DATA TO PROCESS START

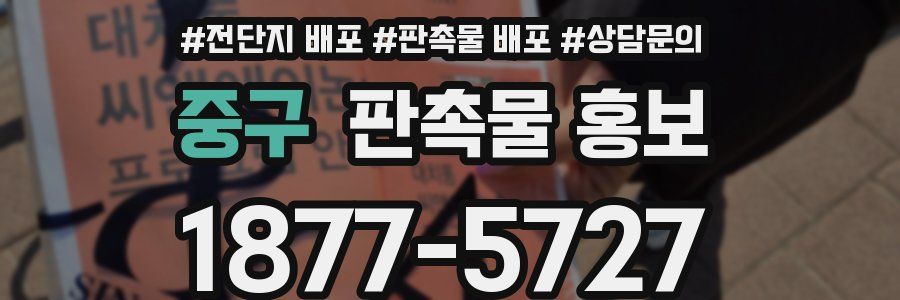 중구 판촉물 홍보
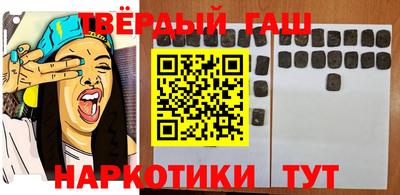 амфетамин Ирбит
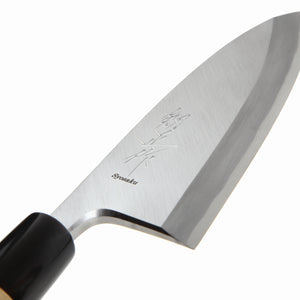 Syosaku Japanese Sushi Fillet Best Sharp Kitchen Chef Knife Shiroko(White Steel)-No.2 D-Shape Magnolia Wood Handle, Deba 6-inch (150mm) - Syosaku-Japan
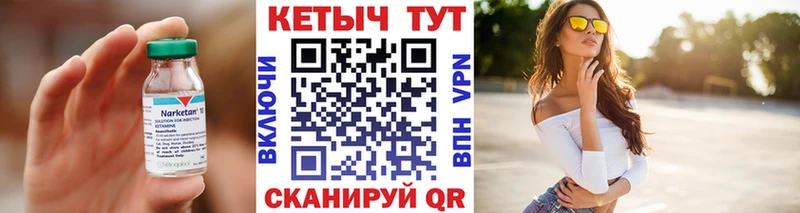 Кетамин VHQ Радужный
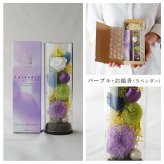 お供え プリザーブドフラワー 仏花【小さな仏花 天道】 ガラスボトル 仏壇 お悔み 花 お悔やみ 花  供花 ペット 仏壇用 お花 仏壇 枯れない 花 一周忌 四十九日 お彼岸 法事 ブリザードフラワー 仏花 お線香セット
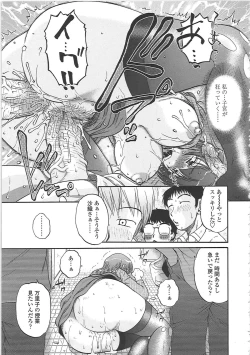 Page 130 of Nikuzuma Tsuushin - Erotic Wife Communication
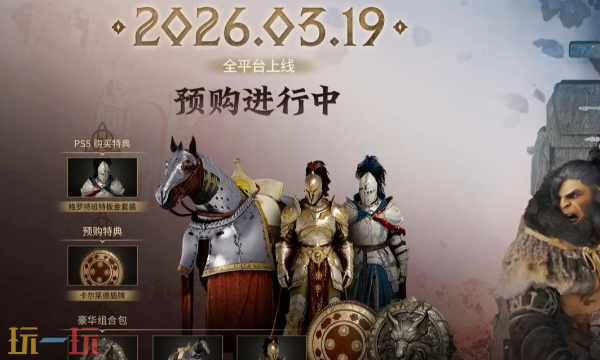 红色沙漠什么时候发售 发售日期与时间介绍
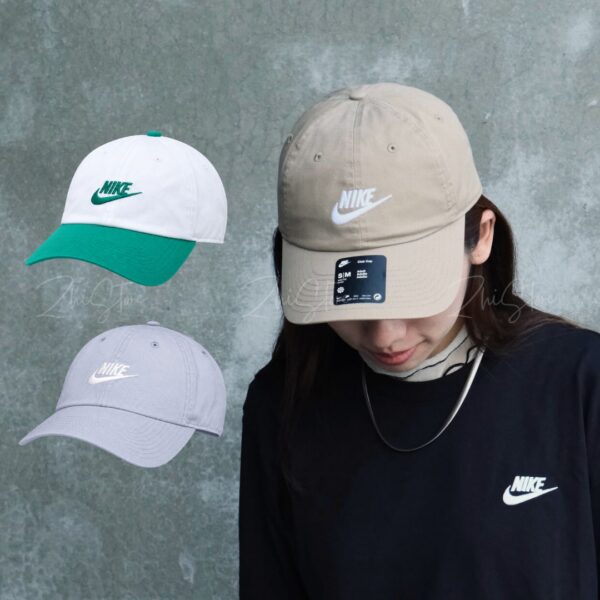 Nike Club 刺繡 Logo 休閒老帽 鴨舌帽 遮陽帽 帽子 FB5368-106 FB5368-057 FB5368-247 FB5368-297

DATA TO PROCESS END

## [TASK REQUIREMENTS]
Output every line of the records above unchanged, and keep the pictures out.

## [ANSWER SPACE]
 중구 판촉물 홍보
 амфетамин Ирбит
 Syosaku Japanese Sushi Fillet Best Sharp Kitchen Chef Knife Shiroko(White Steel)-No.2 D-Shape Magnolia Wood Handle, Deba 6-inch (150mm) - Syosaku-Japan
 Кетамин VHQ Радужный
 お供え プリザーブドフラワー 仏花【小さな仏花 天道】 ガラスボトル 仏壇 お悔み 花 お悔やみ 花  供花 ペット 仏壇用 お花 仏壇 枯れない 花 一周忌 四十九日 お彼岸 法事 ブリザードフラワー 仏花 お線香セット
 Page 130 of Nikuzuma Tsuushin - Erotic Wife Communication
 红色沙漠什么时候发售 发售日期与时间介绍
 Nike Club 刺繡 Logo 休閒老帽 鴨舌帽 遮陽帽 帽子 FB5368-106 FB5368-057 FB5368-247 FB5368-297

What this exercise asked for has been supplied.